### Problem requirements
Once the line holding "23F04FCE7454A84E2A88B48F6896D126" is found, output it and all remaining lines of the data exactly, with every picture left out.

Web page caption snippets:
---*---

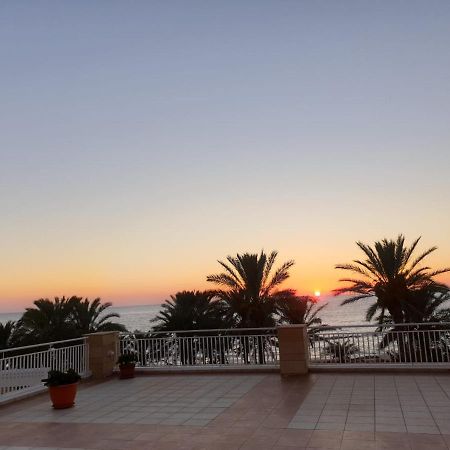 Sea Base Holiday Apartments Хлоракас Экстерьер фото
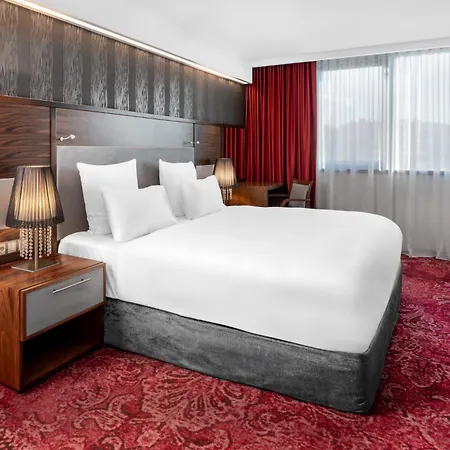 Movenpick 4*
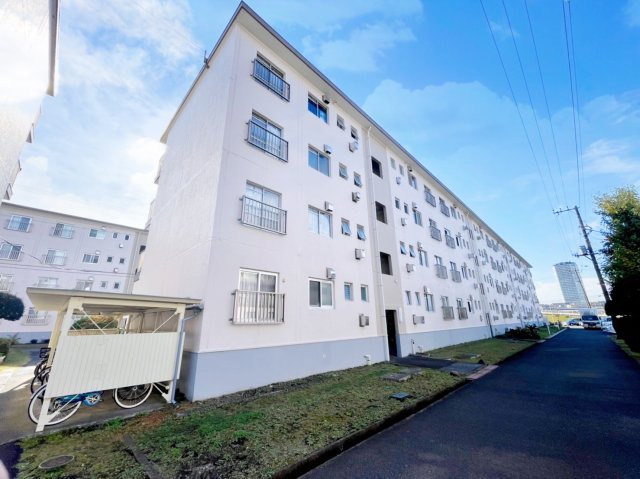 【外観】 | 長津田団地2号棟 | ◆南東向き住棟が整然と並び、陽光と風を取り込む設計が特徴です。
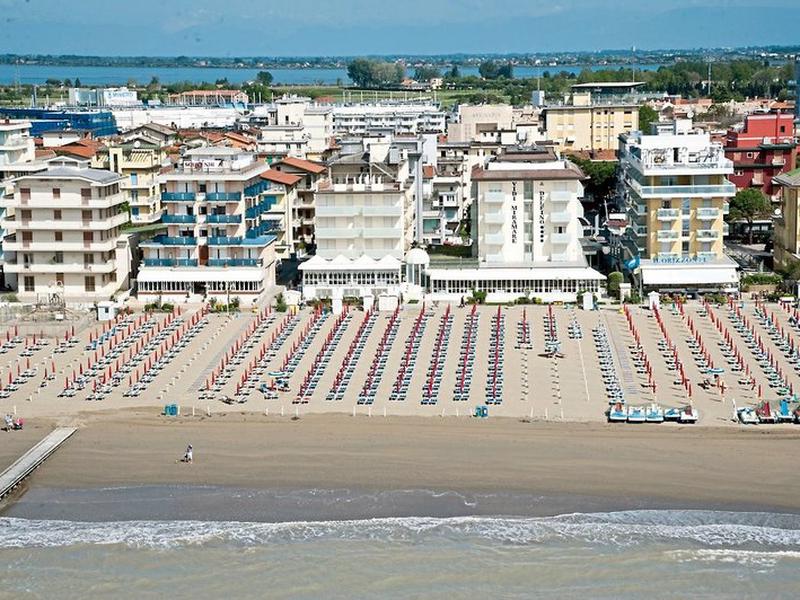 23F04FCE7454A84E2A88B48F6896D126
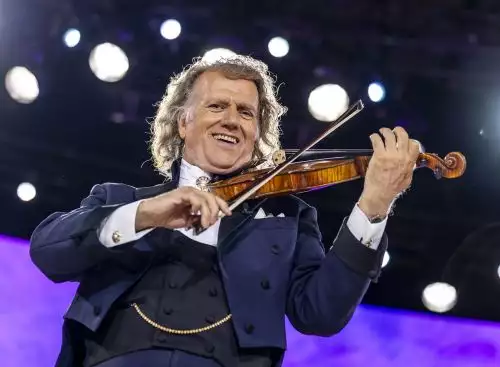 AndrC3A9Rieus2026SummerConcertVivaMaastricht_134291992068155122_big-cine_deskt.webp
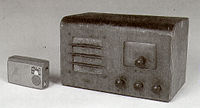 左：昭和30年代に発売されたトランジスターラジオ　右：昭和15年前後の真空管ラジオ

---*---

### Response below
 23F04FCE7454A84E2A88B48F6896D126
 AndrC3A9Rieus2026SummerConcertVivaMaastricht_134291992068155122_big-cine_deskt.webp
 左：昭和30年代に発売されたトランジスターラジオ　右：昭和15年前後の真空管ラジオ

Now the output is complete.